Originaire de Podor, Oumou Sy, styliste, créatrice de bijoux et pionnière de l'internet à Dakar, est la costumière de choix de l'élite musicale et artistique du Sénégal. Entre la conception de costumes pour le cinéma et ses créations de haute couture vendues dans le monde entier, Oumou Sy est une femme d'affaires accomplie et une figure incontournable dans le domaine de la culture au Sénégal et en Afrique. Sa marque de fabrique ? Ce sont des costumes faits à partir de matériaux traditionnels et contemporains et des tenues intrigantes aux détails singuliers. On y retrouve du textile, des disques compacts, des paniers, des bouteilles de parfum, des plumes et du raphia.
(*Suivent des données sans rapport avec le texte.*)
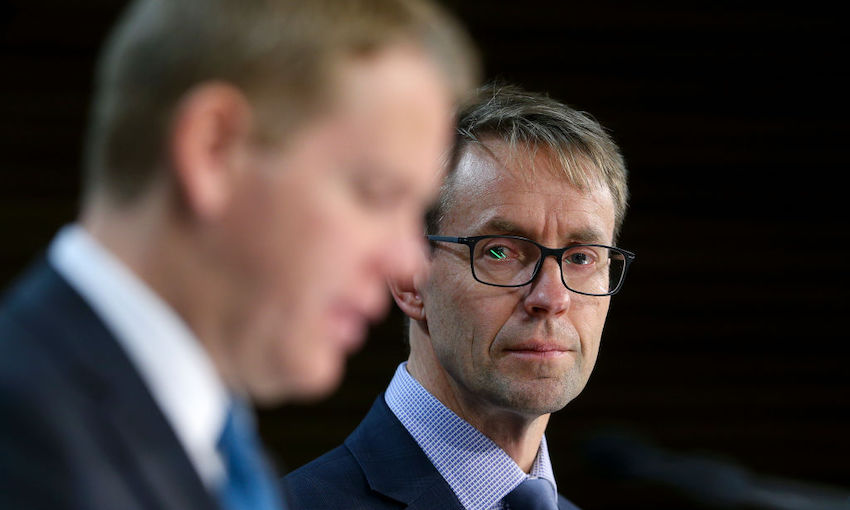 Covid-19 Response Minister Chris Hipkins (L) and Director-general of Health Ashley Bloomfield....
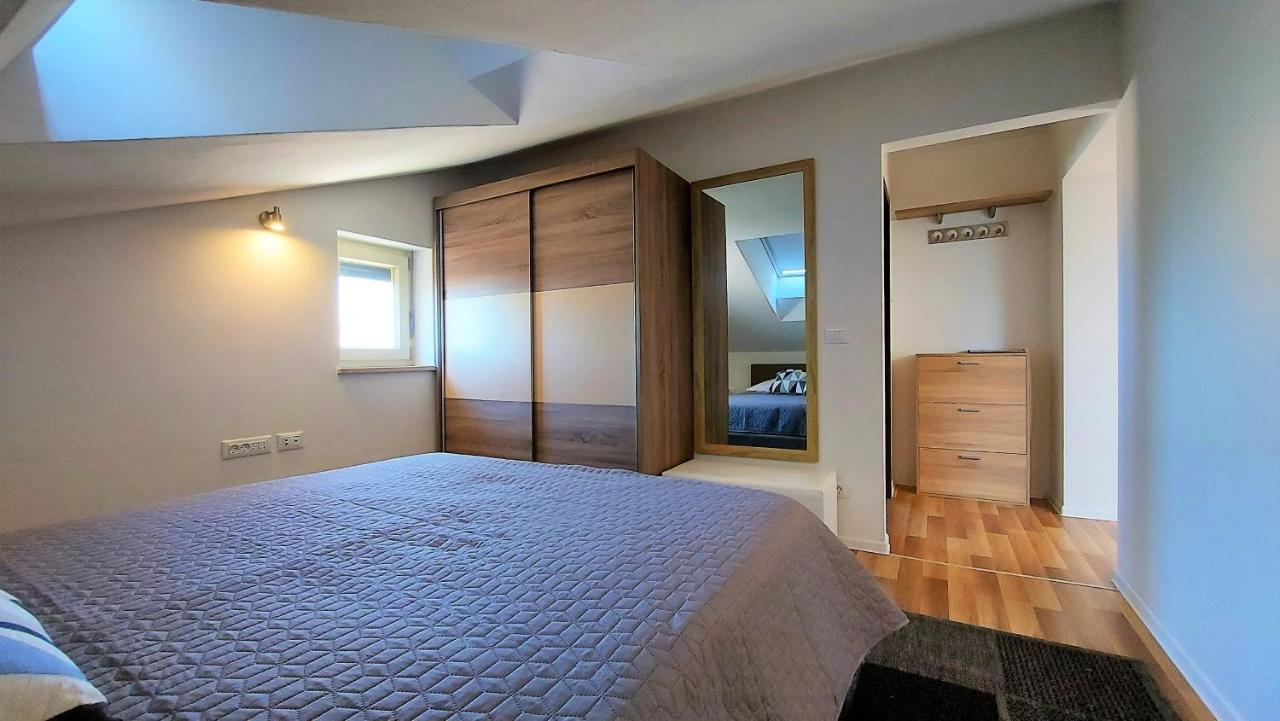 Rooms And Apartments Istrasoley Бале Екстериор снимка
Chacune de ses créations raconte une histoire. Oumou Sy y mélange le passé et le présent, les cultures et l'histoire africaine. La rédaction de Noir Concept vous fait (re) découvrir le parcours et l’histoire d’une des grandes entrepreneures de la mode et de la culture au Sénégal.
L’indépendance financière pour prendre en main les rênes de son destin
La première chose à savoir sur Oumou Sy, c’est qu’elle est une femme battante qui a très tôt su prendre sa vie en main. Elle a en effet très vite compris que lorsqu'une femme est indépendante financièrement, elle peut facilement décider de son propre destin. Si, dans sa tribu, les femmes n'ont souvent qu'un seul but, “se marier et se taire” comme elle le raconte dans ses interviews, Oumou, la rebelle, ne voulait pas suivre ce modèle. Elle rêvait en effet de liberté et d’actions. Ainsi, lorsque son père est décédé, elle a senti toute la force de ce dernier entrer en elle. À 5 ans, elle n'était plus une enfant. À 9 ans, elle a refusé un mariage arrangé. À 13 ans, elle convainc sa mère de lui acheter une machine à coudre pour réaliser ses créations et en vivre.
Au-delà de ce désir d’indépendance financière, Oumou Sy refusait également que sa vie sentimentale soit régentée. Disant non aux prétendants choisis par sa famille, la peulh de Podor s'est rebellée et a épousé un Capverdien métis et catholique. Le mariage s'est malheureusement soldé par un divorce. Elle a alors déménagé pour finalement s'installer dans un vieux quartier du Dakar colonial, la Médina, avec ses enfants. Avec l'aide d'artistes dakarois comme Kalidou Sy, directeur de l'école des beaux-arts, elle a lancé sa carrière à Dakar.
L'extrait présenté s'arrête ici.